Steve Coll is most recently the author of the New York Times bestseller The Bin Ladens. He is the president of the New America Foundation, a nonpartisan public policy institute headquartered in Washington, D.C., and a staff writer for The New Yorker. Previously heworked for twenty years at The Washington Post, where he received a Pulitzer Prize for explanatory journalism in 1990. He is the author of six other books, including the Pulitzer Prize-winning bestseller Ghost Wars. He lives in Washington and New York.

Read an Excerpt

A few days before the Exxon Valdez ran onto Bligh Reef, tens of thousands of Hungarians marched through Budapest. The demonstrators turned the commemoration of an 1848 uprising against Austrian rule into a revolt against Soviet-backed communism. “Resign!” they shouted outside downtown buildings housing Communist Party bureaucrats. “Freedom! . . . No more shall we be slaves!” They carried flags from Hungary’s pre-Communist era and demanded the withdrawal of Soviet military forces. “Ivan, Aren’t You Homesick?” and “Legal State, Not a Police State” declared their protest signs.

The defiant march added to the cracks spreading that spring through the structures of global politics. The Berlin Wall fell a few months later, in November. The Soviet Union fissured and then disappeared. Democratic and free-market revolutions and revivals swept through Central Europe, Africa, Asia, and Latin America. Ethnic, religious, and territorial conflicts, long subdued by the cold war, erupted one after another. The world was remade, tossed, liberated—and reopened for international business.

The Valdez wreck stunned Exxon and its rising leader, Lee Raymond. The disaster would change the corporation profoundly. Internal reforms imposed by Raymond in response to the accident would turn one of America’s oldest, most rigid corporations into an even harder, leaner place of rule books and fear-inspiring management techniques. At the same time, Raymond and the rest of Exxon’s leaders would gradually pass through the introspection triggered by the Valdez spill and seek out the oil and gas plays that opened so unexpectedly after 1989. An age of empire beckoned America and Exxon alike.

In a bracingly short time, Anglo-American optimism and idealism about free markets, foreign investment, and the rule of law found adherents in the most unlikely world capitals. Brand-new nations brimming with oil and gas and others previously closed to Western corporations hung out FOR LEASE signs to lure geologists from Houston and London: Russia, Kazakhstan, Azerbaijan, Angola, Qatar, and tiny Equatorial Guinea, on the West African coast, soon to market itself through its Washington lobbyists as the “Kuwait of Africa.” These post–cold war opportunities for American, British, French, and Italian oil companies could be ambiguous, risky, and sometimes fleeting. Resentful nationalism and suspicion of the United States and Europe persisted in many capitals of the new oil powers. State-owned petroleum companies from China, India, Brazil, and elsewhere were rising quickly as competitors. Exxon might be America’s largest and most powerful oil corporation, but it would require all the political influence, financial resources, dazzling technology, speed, and stamina that its leaders could muster to seize the lucrative oil deals made possible by communism’s fall and global capitalism’s revival.

The United States now stood unchallenged as a worldwide military power.
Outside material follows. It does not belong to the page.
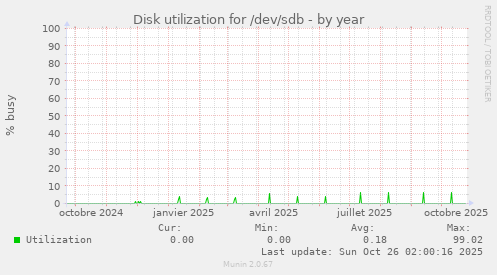 Disk utilization for /dev/sdb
Exxon’s empire would increasingly overlap with America’s, but the two were hardly contiguous. Pentagon policy, after the Soviet Union’s demise, sought to keep international sea-lanes free; to reduce the global danger of nuclear war, terrorism, and transnational crime; to manage or contain Russia and China; to secure Israel; and to foster, against long odds, a stable Middle East from which oil supplies vital for global economic growth could flow freely. Exxon benefited from the new markets and global commerce that American military hegemony now protected. Yet the corporation’s activity also complicated American foreign policy; Exxon’s far-flung interests were at times distinct from Washington’s. Lee Raymond would manage Exxon’s global position after 1989 as a confident sovereign, a peer of the White House’s rotating occupants. Raymond aligned Exxon with America, but he was not always in sync; he was more akin to the president of France or the chancellor of Germany. He did not manage the corporation as a subordinate instrument of American foreign policy; his was a private empire.

Exxon’s power within the United States derived from an independent, even rebellious lineage. The corporation had been hived off from John D. Rockefeller’s Standard Oil monopoly in 1911, after a bruising antitrust campaign led by economic reformers and populist politicians. The visceral hostility toward Washington sometimes eschewed by Exxon executives eight decades later suggested some of them had still not gotten over it.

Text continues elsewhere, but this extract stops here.